Some within Orthodoxy have used the
term Assumption of Mary to mean the same thing
as Dormition of Mary, but that is wrong and inaccurate.
The Assumption of Mary is a doctrine of the Roman Catholic Church and those
churches that broke from her. There is no biblical authorization or Apostolic teaching
to support this nor is there any historical basis to claim it was the teaching of the early church.
Those within Orthodoxy who profess a belief in the Assumption
have abandon true Orthodoxy in favor of the unorthodox teaching authority of the Vatican.
A FALSE TEACHING
The Assumption of Mary is a
Roman Catholic Dogma that had been condemned as
Heretical by 2 Popes in the 5th and 6th Centuries.
The Roman Catholic doctrine of the assumption of Mary teaches that she was
assumed body and soul into heaven either without dying or shortly after death.
This extraordinary claim was only officially declared to be a dogma of Roman
Catholic faith in 1950, though it had been believed by many for hundreds of
years. To dispute this doctrine, according to Rome’s teaching, would result in
the loss of salvation. The official teaching of the Assumption comes from the
decree Munificentissimus Deus by pope Pius XII.
This is truly an amazing dogma, yet there is no Scriptural proof for it, and
even the Roman Catholic writer Eamon Duffy concedes that, ‘there is, clearly, no
historical evidence whatever for it ...’ (Eamon Duffy, What Catholics Believe
About Mary (London: Catholic Truth Society, 1989), p. 17). For centuries in the
early Church there is complete silence regarding Mary’s end. The first mention
of it is by Epiphanius in 377 A.D. and he specifically states that no one knows
what actually happened to Mary. He lived near Palestine and if there were, in
fact, a tradition in the Church generally believed and taught he would have
affirmed it. But he clearly states that ‘her end no one knows.’ These are his
In addition to Epiphanius, there is St.
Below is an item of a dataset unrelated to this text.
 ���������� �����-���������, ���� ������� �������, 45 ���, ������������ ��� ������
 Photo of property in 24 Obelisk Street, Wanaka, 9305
Jerome who also lived in Palestine and
does not report any tradition of an assumption. Isidore of Seville, in the
seventh century, echoes Epiphanius by saying that no one has any information at
all about Mary’s death. The patristic testimony is therefore non-existent on
this subject. Even Roman Catholic historians readily admit this fact: In these
conditions we shall not ask patristic thought—as some theologians still do today
under one form or another—to transmit to us, with respect to the Assumption, a
truth received as such in the beginning and faithfully communicated to
subsequent ages. Such an attitude would not fit the facts...Patristic thought
has not, in this instance, played the role of a sheer instrument of
transmission’ (Juniper B. Carol, O.F.M., ed., Mariology, Vol. I (Milwaukee:
Bruce, 1955), p. 154). Father Carol is a leading Mariologist and was a leading
Marian Theologian, along with Father Most, at the Vatican II Council.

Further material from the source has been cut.